Hbase build table create advanced properties / / hbase table pre-partition, that is, manual partition, this is very important 07/19 Update SLTechnology News&Howtos

Hbase build table create advanced properties / / hbase table pre-partition, that is, manual partition, this is very important

2025-07-19 Update From: SLTechnology News&Howtos shulou NAV: SLTechnology News&Howtos > Internet Technology >

Shulou(Shulou.com)06/03 Report--

Tuesday, February 19, 2019

hbase create table create advanced attributes//hbase table pre-partitioning, that is, manual partitioning, this is very important

The following shell commands can play a very important role in subsequent hbase operations, and are mainly reflected in the process of table creation.
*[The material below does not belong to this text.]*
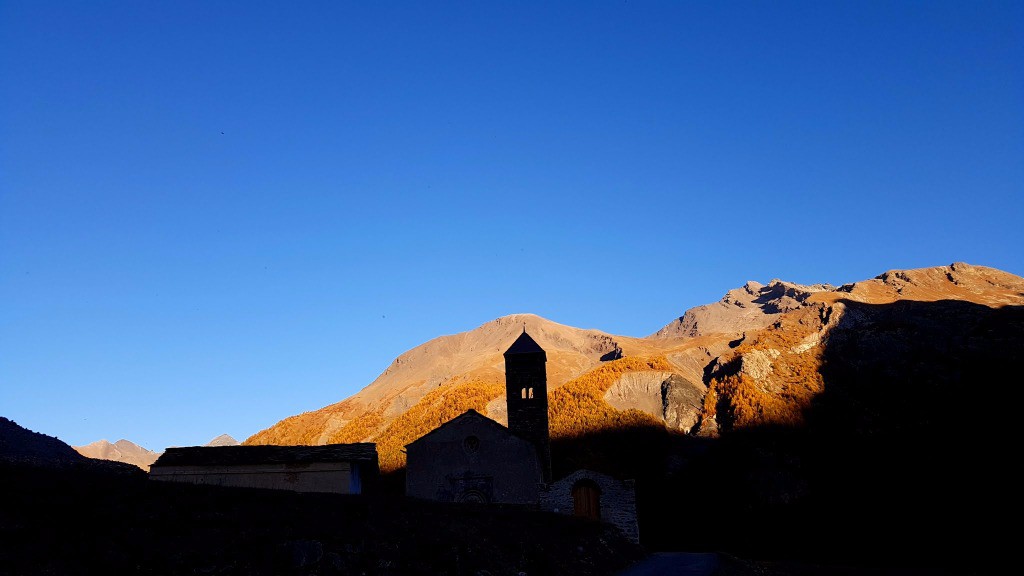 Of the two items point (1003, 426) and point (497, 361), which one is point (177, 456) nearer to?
point (1003, 426)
See the following create attributes.

1. BLOOMFILTER Default is NONE Whether to use Bloom or not

Bloom filtering can be enabled individually for each column family. Use HColumnDescriptor.setBloomFilterType(NONE| ROW |ROWCOL) enables Bloom separately for column families. Default = NONE No Bloom filtering. For ROW, the hash of the row key is added to Bloom each time a row is inserted. For ROWCOL, row key + column family + column family modifier hashes are added to Bloom every time rows are inserted

Usage: create 'table',{BLOOMFILTER =>'ROW'}

Enabling Bloom filtering saves you the process of having to read disks and can help improve read latency

2. VERSIONS Default is 3. This parameter means that the data is kept in three versions. If we think that our data is not so large and needs to be kept so much, it is updated at any time, and the old version of the data is worthless to us, then setting this parameter to 1 can save 2/3 space.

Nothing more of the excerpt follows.